**WHAT YOU SHOULD DO:** Only one stretch of the data below is wanted: the lines starting at the one with "celimax The Vita" and ending at the one with "Stocking: Joan's Stocking, French", both included, given again exactly.

Extracted records
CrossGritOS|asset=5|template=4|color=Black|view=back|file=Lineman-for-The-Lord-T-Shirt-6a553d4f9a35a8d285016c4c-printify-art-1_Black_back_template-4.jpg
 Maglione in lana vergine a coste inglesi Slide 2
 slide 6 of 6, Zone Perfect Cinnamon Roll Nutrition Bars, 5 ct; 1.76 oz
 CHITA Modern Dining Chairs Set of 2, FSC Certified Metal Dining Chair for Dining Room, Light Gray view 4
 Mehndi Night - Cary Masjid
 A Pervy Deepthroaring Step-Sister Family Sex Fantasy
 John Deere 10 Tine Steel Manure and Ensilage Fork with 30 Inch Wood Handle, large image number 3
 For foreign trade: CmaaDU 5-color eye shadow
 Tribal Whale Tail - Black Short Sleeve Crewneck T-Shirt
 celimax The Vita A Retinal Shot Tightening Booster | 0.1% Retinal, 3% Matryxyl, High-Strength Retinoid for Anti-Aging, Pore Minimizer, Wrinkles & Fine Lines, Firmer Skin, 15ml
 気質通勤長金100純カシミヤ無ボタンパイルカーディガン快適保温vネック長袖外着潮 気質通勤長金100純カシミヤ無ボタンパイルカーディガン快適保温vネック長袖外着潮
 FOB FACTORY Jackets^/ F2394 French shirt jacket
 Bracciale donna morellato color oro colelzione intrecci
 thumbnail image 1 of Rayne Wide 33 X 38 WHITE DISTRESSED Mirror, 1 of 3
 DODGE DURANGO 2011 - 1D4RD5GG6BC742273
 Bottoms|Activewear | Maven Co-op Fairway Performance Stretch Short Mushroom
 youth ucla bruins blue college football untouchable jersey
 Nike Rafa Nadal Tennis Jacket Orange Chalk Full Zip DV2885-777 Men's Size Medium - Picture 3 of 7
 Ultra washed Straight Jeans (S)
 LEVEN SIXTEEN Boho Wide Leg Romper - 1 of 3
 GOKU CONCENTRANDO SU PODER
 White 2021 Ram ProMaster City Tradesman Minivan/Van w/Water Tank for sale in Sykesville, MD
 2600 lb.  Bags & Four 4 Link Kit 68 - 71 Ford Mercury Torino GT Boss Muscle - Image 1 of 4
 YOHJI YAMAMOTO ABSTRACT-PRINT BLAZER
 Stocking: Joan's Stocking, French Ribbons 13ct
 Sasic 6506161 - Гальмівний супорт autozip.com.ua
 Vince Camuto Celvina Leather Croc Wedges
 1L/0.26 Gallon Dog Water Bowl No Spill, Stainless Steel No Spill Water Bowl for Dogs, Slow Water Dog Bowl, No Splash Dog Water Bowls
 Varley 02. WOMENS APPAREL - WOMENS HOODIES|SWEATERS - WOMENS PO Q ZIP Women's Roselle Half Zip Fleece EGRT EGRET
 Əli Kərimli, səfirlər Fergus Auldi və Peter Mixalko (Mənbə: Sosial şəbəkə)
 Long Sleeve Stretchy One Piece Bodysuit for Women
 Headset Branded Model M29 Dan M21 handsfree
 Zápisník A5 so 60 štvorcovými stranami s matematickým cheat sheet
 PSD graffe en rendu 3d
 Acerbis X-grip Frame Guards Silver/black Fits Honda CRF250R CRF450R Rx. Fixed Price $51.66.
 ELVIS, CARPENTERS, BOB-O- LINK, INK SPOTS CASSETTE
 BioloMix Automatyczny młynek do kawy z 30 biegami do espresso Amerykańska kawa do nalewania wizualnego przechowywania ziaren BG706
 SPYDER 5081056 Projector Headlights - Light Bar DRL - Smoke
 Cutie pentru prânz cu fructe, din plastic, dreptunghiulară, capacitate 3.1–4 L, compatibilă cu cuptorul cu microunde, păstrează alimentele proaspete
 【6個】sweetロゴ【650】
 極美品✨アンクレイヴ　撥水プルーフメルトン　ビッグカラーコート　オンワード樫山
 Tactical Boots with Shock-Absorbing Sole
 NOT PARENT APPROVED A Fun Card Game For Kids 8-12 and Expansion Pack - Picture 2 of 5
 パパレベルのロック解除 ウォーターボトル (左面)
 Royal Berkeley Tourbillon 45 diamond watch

**ANSWER FOR THIS EXERCISE:**
 celimax The Vita A Retinal Shot Tightening Booster | 0.1% Retinal, 3% Matryxyl, High-Strength Retinoid for Anti-Aging, Pore Minimizer, Wrinkles & Fine Lines, Firmer Skin, 15ml
 気質通勤長金100純カシミヤ無ボタンパイルカーディガン快適保温vネック長袖外着潮 気質通勤長金100純カシミヤ無ボタンパイルカーディガン快適保温vネック長袖外着潮
 FOB FACTORY Jackets^/ F2394 French shirt jacket
 Bracciale donna morellato color oro colelzione intrecci
 thumbnail image 1 of Rayne Wide 33 X 38 WHITE DISTRESSED Mirror, 1 of 3
 DODGE DURANGO 2011 - 1D4RD5GG6BC742273
 Bottoms|Activewear | Maven Co-op Fairway Performance Stretch Short Mushroom
 youth ucla bruins blue college football untouchable jersey
 Nike Rafa Nadal Tennis Jacket Orange Chalk Full Zip DV2885-777 Men's Size Medium - Picture 3 of 7
 Ultra washed Straight Jeans (S)
 LEVEN SIXTEEN Boho Wide Leg Romper - 1 of 3
 GOKU CONCENTRANDO SU PODER
 White 2021 Ram ProMaster City Tradesman Minivan/Van w/Water Tank for sale in Sykesville, MD
 2600 lb.  Bags & Four 4 Link Kit 68 - 71 Ford Mercury Torino GT Boss Muscle - Image 1 of 4
 YOHJI YAMAMOTO ABSTRACT-PRINT BLAZER
 Stocking: Joan's Stocking, French Ribbons 13ct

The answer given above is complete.